Goed, dat verklaart natuurlijk meteen waarom men mijn naam zo vaak verkeerd schrijft. Die h is zo alomtegenwoordig, dat je hem er bijna als vanzelf bijverzint. En toch stoort het me wel eens. Zoals gisteren. Ik vond een mailtje in mijn inbox. Een zakelijk mailtje. De aanhef was: "Beste Esther". Mijn primaire reactie is: "Die ken ik niet, toedeledokie, DELETE!". Aangezien ik mijn CVA's (Carrière Vernietigende Acties) een beetje wil beperken, ga ik meestal voor de secundaire reactie. Ik doe net alsof ik de h niet zie, beantwoord de mail -waarbij ik er zorg voor draag dat ik de Arabische naam van de ontvanger met driehonderdvierentachtig letters correct spel- vriendelijk en onderteken met mijn naam zonder h. Met vriendelijke groet, ESTER.
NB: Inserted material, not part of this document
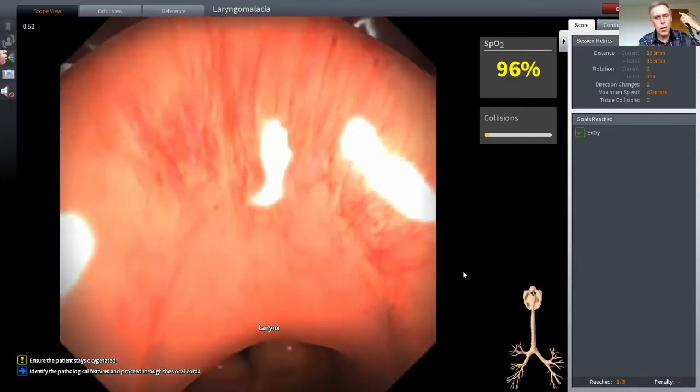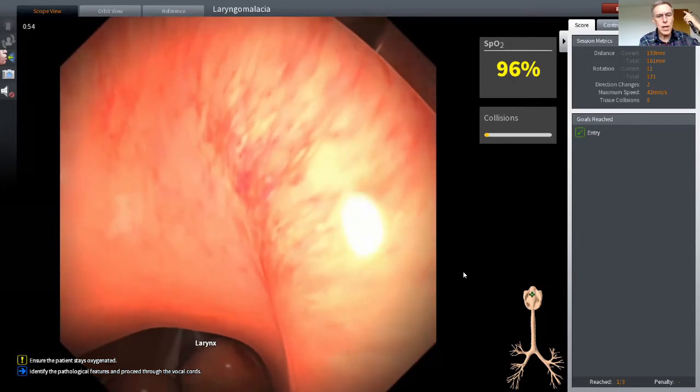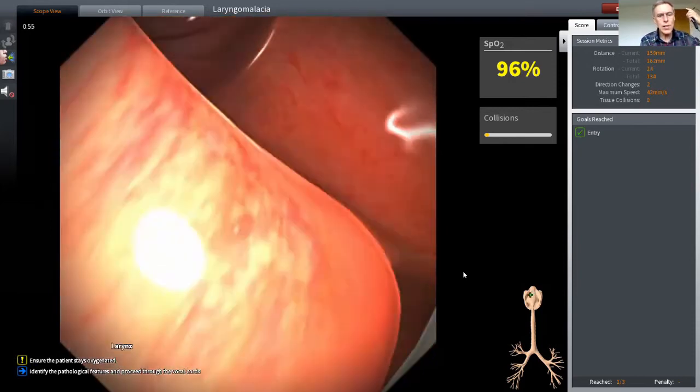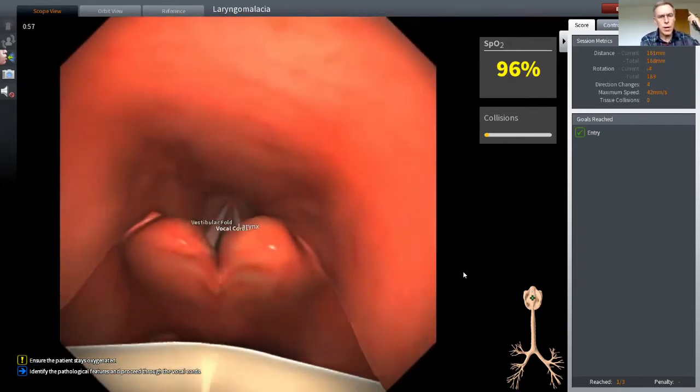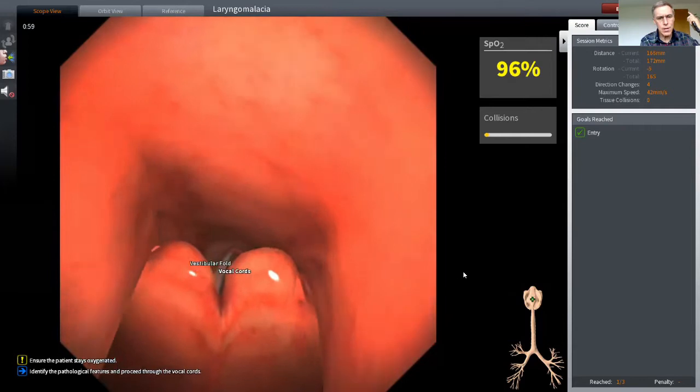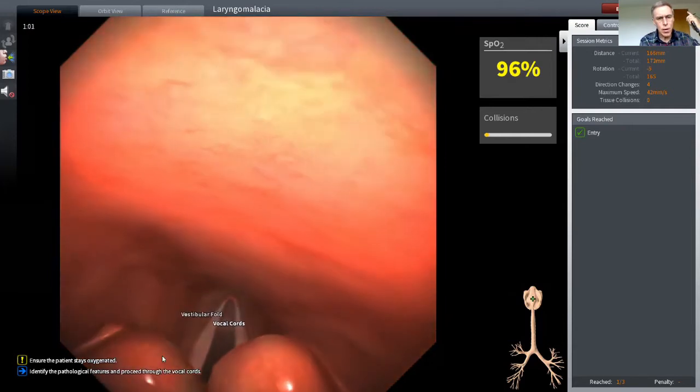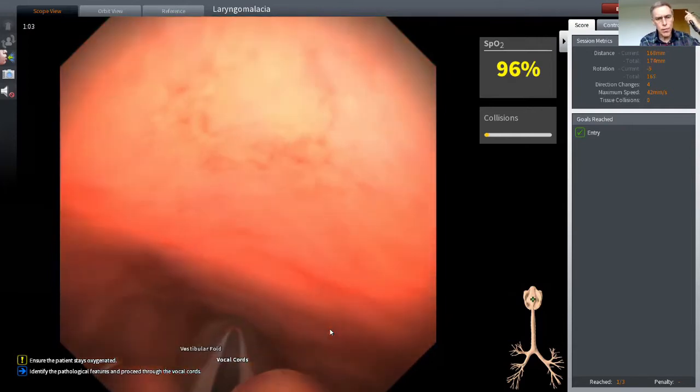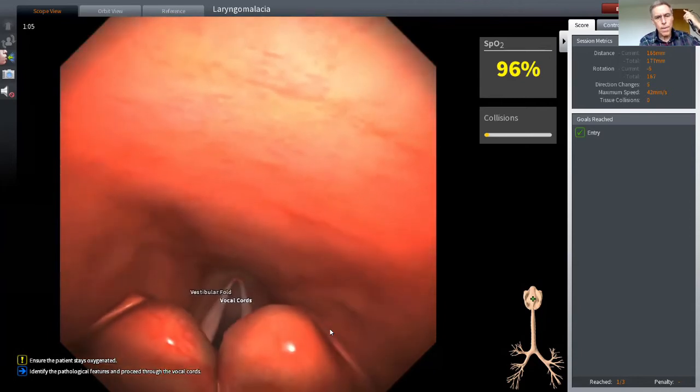When I go a little bit further, we can see the arytenoid cartilages. There are those two bulky cartilages looking at us there in the midline, and beyond that there's a bit of a glimpse of the vocal cords.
En vanaf dat moment wordt het spannend. Spannend ja, ik ben ambtenaar. Drie koppen koffie en vijf gaapjes later verschijnt er een envelopje rechtsonder op mijn beeldscherm. Vol verwachting open ik de mail. Een nerveuze trek rond mijn lippen, een kleine frons tussen mijn wenkbrauwen. Zou het?!

Hallo,

Bedankt voor je snelle reactie, EstHer!

Welverdraaid, (ik hou het netjes onder werktijd) weer die rottige h! Ik overweeg een drietal scenario's. Ik kan de schrijver van de e-mail een beleefd antwoord geven en daarin twee letters in zijn naam verwisselen. Subtiel, misschien iets te subtiel. De boodschap komt wellicht over, maar het is voor mij weinig bevredigend. Optie twee is het ondertekenen van mijn e-mail met "Met vriendelijke groet, Esterzonderh". Bij deze optie treedt hetzelfde probleem op als bij optie één; no satisfaction. Optie drie is marteling. Optie drie is overduidelijk de meest aantrekkelijke van de drie scenario's, maar gezien mijn voornemen met betrekking tot de CVA's, schrijf ik ook deze mogelijkheid af. Ik zucht eens diep, haal mijn schouders op en schrijf een keurige mail. Ik spel de naam van de ontvanger correct en onderteken zonder sneren. Ik draag mijn lot als h-loze Ester.

Als peuter bleef ik me maar afvragen waarom mijn moeder altijd zei: "Dit is Ester, zonder haar." Voorzien van een weelderige bos blonde manen tel ik mijn zegeningen.